С человеком, проверявшим Настю в поликлинике, дело обстояло
не так просто. Он, по-видимому, был опытен и осторожен, потому что легко и
непринужденно ушел от наблюдения, предварительно не проверяясь. Это означало,
что подобным образом он действует всегда независимо от того, подозревает ли за
собой слежку. Так что Гордеев и Настя располагали пока только описанием
довольно необычных взаимоотношений этого человека с телефонами-автоматами.
Ночью Виктор Алексеевич получил из Центрального адресного
бюро список всех проживающих в Москве Никифорчуков и Градовых…
– Никифорчуков меньше, я их возьму себе, – сказал
полковник. – А то я уже старенький, мне перенапрягаться вредно. Бери себе
Градовых, и начнем отсев.
Он протянул Насте пачку распечатанных с компьютера листов.
– Исходим из того, что год рождения сына Попова – не
позже пятидесятого, коль он в семидесятом уже армию отслужил и учился в
институте, но и не раньше сорок пятого, потому что Попов появился в Москве уже
после войны, до войны он жил в Смоленске. История с внебрачным сыном –
московского розлива, я узнавал. Дружок его по идее должен быть тех же лет,
плюс-минус три года. Ему в семидесятом должно было быть не меньше восемнадцати,
стало быть, год рождения – не позже пятьдесят второго.

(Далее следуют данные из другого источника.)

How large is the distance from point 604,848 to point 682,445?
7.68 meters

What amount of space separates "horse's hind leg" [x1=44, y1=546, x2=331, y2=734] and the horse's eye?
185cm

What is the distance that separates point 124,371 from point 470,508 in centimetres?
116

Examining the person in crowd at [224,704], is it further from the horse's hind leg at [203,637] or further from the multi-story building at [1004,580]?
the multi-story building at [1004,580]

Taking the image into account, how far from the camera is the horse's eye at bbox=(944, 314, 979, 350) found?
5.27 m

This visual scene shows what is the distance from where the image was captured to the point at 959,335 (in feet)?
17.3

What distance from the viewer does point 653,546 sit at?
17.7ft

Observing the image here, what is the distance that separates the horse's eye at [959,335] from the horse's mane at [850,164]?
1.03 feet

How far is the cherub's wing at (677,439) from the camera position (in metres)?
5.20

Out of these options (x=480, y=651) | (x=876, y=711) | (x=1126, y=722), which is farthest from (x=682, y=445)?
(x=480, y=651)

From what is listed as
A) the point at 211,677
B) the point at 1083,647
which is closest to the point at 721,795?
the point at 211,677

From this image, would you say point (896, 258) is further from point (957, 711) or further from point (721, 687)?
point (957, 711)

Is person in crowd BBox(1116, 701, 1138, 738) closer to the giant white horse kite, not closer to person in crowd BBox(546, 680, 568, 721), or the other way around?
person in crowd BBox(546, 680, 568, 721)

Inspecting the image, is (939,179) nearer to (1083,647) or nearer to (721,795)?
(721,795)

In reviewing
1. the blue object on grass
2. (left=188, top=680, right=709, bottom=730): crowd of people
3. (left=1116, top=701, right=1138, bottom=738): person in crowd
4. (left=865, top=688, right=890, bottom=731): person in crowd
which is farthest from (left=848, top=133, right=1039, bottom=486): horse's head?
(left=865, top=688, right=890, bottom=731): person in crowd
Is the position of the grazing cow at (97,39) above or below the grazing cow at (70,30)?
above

Настя забрала списки и ушла к себе. Разложив на письменном
столе горы статистической отчетности и аналитических материалов, она выдвинула
центральный ящик и положила туда сотни Градовых. Ей хотелось по обыкновению
запереть дверь и поработать спокойно, но она понимала, что сегодня этого делать
нельзя. Пусть все, кому интересно, заходят и видят, что она готовит для
Гордеева очередной ежемесячный аналитический отчет об убийствах, совершаемых на
территории города, и об их раскрываемости.
Интересно оказалось всем. Ну пусть не всем, но многим. В
течение ближайших двух часов в ее кабинете перебывало не менее десятка человек;
и каждому она жаловалась на врачей, чуть не отправивших ее в госпиталь; на
Ольшанского, который сам не знает, что делать с убийством Ереминой, и срывает
на Насте плохое настроение; на Гордеева, который требует к завтрашнему дню
аналитическую справку; на протекающие сапоги, из-за которых у нее постоянно
мокрые ноги; вообще на жизнь, которая такая тяжелая, что лучше бы ее и не было.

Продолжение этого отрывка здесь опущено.